Data items
= Beginning of Section =

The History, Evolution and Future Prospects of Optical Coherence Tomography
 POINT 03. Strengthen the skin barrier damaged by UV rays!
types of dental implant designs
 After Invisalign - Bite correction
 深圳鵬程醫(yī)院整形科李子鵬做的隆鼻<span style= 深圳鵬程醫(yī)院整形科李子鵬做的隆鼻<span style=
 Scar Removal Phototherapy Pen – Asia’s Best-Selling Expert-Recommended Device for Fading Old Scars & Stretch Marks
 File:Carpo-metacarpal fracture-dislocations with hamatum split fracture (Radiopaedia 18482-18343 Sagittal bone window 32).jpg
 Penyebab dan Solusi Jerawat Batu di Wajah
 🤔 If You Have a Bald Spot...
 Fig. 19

= End of Section =

[Your instructions]
An exact copy of the lines above, from the one containing "POINT 03. Strengthen" down to the one containing "Scar Removal Phototherapy" and including both, is the whole answer; retype it and nothing else.

[Exercise solution]
 POINT 03. Strengthen the skin barrier damaged by UV rays!
types of dental implant designs
 After Invisalign - Bite correction
 深圳鵬程醫(yī)院整形科李子鵬做的隆鼻<span style= 深圳鵬程醫(yī)院整形科李子鵬做的隆鼻<span style=
 Scar Removal Phototherapy Pen – Asia’s Best-Selling Expert-Recommended Device for Fading Old Scars & Stretch Marks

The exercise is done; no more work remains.